Philippi East police station is located within the Nyanga policing cluster. Nyanga is often referred to as the ‘murder capital’ of South Africa due to the high murder rate of over 250 murders annually. Last year, in the Western Cape, the Philippi East murder rate came in second place to Nyanga, which makes the weekend killings, whilst devastating, likely unsurprising for residents of the area.
Clearly, the police are simply not carrying out their primary duty of protecting the lives of citizens.
This is despite repeated efforts over the years to address the problem of gangsterism on the Cape flats. The SAPS’s original Anti-Gang Unit (AGU) was disbanded in the early 2000s by then Police Commissioner Jacki Selebi as part of a restructuring move.
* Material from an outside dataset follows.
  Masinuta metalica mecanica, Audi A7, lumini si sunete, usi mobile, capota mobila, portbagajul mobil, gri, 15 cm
Subsequent increasing levels of gang related violence led to the establishment of “Operation Combat” – an initiative to take down and prosecute high-ranking gangsters under the auspices of the Prevention of Organised Crime Act (POCA). “Operation Combat” came to an end in 2016. In early 2018, Police Minister Bheki Cele announced the launch of “Operation Thunder”, through which members from specialised units from other provinces would be brought in to deal with crime in the Western Cape.
The AGU was officially relaunched in November 2018 by Minister Cele, to combat the burgeoning gang-related violence in the Cape Flats. The AGU, which has approximately 600 members, was reintroduced following repeated outcries from the affected communities for better police visibility in their neighbourhoods. The AGU’s strategy is community-based and is aimed at cooperation with residents of the affected areas.
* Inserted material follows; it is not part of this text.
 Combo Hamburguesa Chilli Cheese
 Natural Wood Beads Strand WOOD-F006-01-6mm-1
The conversation around poor policing has been ongoing, particularly in poorer areas. In the 2018 Equality Court ruling, Social Justice Coalition and Others v Minister of Police and Others, it was found that there was a stark under-allocation of resources in poorer areas (where gang violence is pervasive) of the Western Cape, when compared to more affluent areas. The Equality Court found that the intersectionality of the resource discrimination included race and social origin, largely due to the remnants of apartheid spatial planning, which resulted in the concentration of black and coloured people in these poor areas.
The question is what is to be done now?
There have been repeated calls from different forums, including the Democratic Alliance (DA), which runs the province, for the deployment of soldiers into these areas to assist in policing. The DA has even called for a declaration of a state of emergency.
These calls have finally been answered by the President’s announcement of 11 July, in terms of which the SANDF will patrol the affected areas for an extendable period of three months.
However, will this solve the problem?
The SANDF’s primary mandate is, in terms of the Defence Act, to defend South Africa from external aggression and in so doing, “must respect the fundamental rights and dignity of…all persons”. In all SANDF conduct, one must remain mindful of the fact that it is a military institution with particular training and objectives. Both the Constitution and the Defence Act envisage a situation where co-operation with SAPS can take place. Legislation dictates that the SANDF may only be deployed together with SAPS in very specific circumstances. These include for the preservation of life, health or property in emergency or humanitarian relief operations, and to support any department of state, including support for purposes of socio-economic upliftment. This deployment must be ordered by the President (or Minister of Defence) who must inform Parliament promptly (within seven days of the decision being taken) of the reasons for the deployment, where the SANDF is being deployed, the number of people involved, for how long the SANDF will be in those areas, as well as the expenditure incurred. (Parliament must still consider this order and may after so doing, confirm, amend, substitute or terminate the order.)
Gang violence in the Western Cape is a direct threat to hundreds of thousands of lives, and this threat must be addressed. However, the deployment of the SANDF must be seen not as a solution but as a palliative measure.
The real problem lies with the effectiveness of the whole law and order chain: we need effective police; we need effective prosecution services and courts. Above all, we need to address the problems that underlie violence in the Cape Flats.
A holistic approach to gang violence requires impactful, well-researched policies that address the abject poverty and skyrocketing rates of unemployment, which have created a conducive environment in which crime thrives. We should welcome the deployment of the SANDF as a short-term measure within the framework of its constitutional mandate to help to restore safety and protect lives. However, the problem cannot in the long term be solved by the militarisation of policing: it will require an overhaul of the whole law and order chain and effective steps to improve the living conditions of the people of the Cape Flats.